Cazenovia In order to subvert the recent heat wave, my family persuaded me to drive them to Old Forge. While personally at peace with the solar deity, I saw no reason to resort to drastic measures, but a trip to Enchanted Forest is the epitome of sun worshipping.
The universe is dark and cold, except for the seemingly random placement of stars, each a centerpiece of its own orbital system. Without these fireballs, there would be no life as we know it.
Luckily, we were able to secure a cabin for an overnight stay. We ate hot dogs and marshmallows over an open fire and slept in sleeping bags after candlelit ghost stories.

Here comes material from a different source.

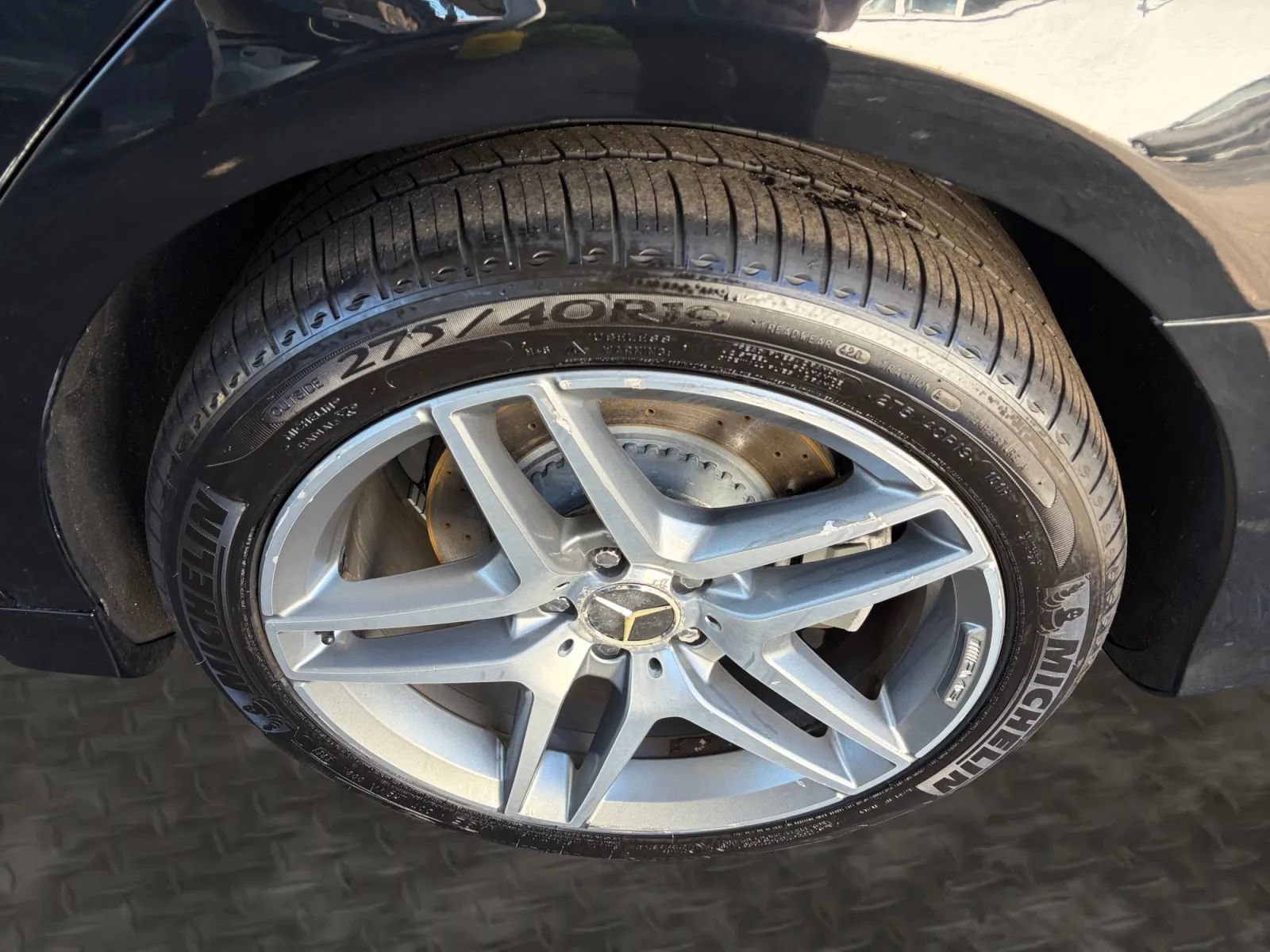 Used 2016 Mercedes-Benz S 550 4MATIC Sedan image 43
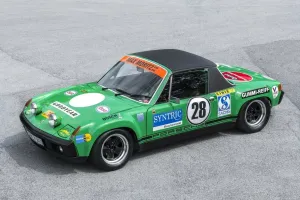 Porsche 914/6 GT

Around the glowing and almighty sphere, planets revolve and slowly cook, as if evolving by means of rotisserie. It is the sun that gives us light, heat and the magic of creation.
Matter itself is nothing but eschewed particles of energy extracted, forming the rocks, dirt and ground that we walk on, held in place by the gravity of the solar system. Water, being the polar byproduct of fire and matter, is the building block of life, leading to the plants, animals and the air that we breathe.
The sun is the mechanism that offers the gift of life. If people weren’t so grumpy we would realize that the sun is God, for why should there be a sun and God? The sun is miraculous, heavenly, all-powerful and the creator. We should worship it, give thanks and move on.
I awoke early at sunrise and left my fellow campers snoozing. I made the trip to the community bath in the dim light and returned to our site for my toothbrush and razor. My handheld magnifying mirror would complete my toilet set.
People want more, always more, to appease the grumpiness. For some reason, we like to believe everything is negotiable and we don’t like it when we don’t get our way, no matter how outlandish that way might be. By obsessing with the nonnegotiable, we fabricate our own discomfort. This is what makes us grumpy.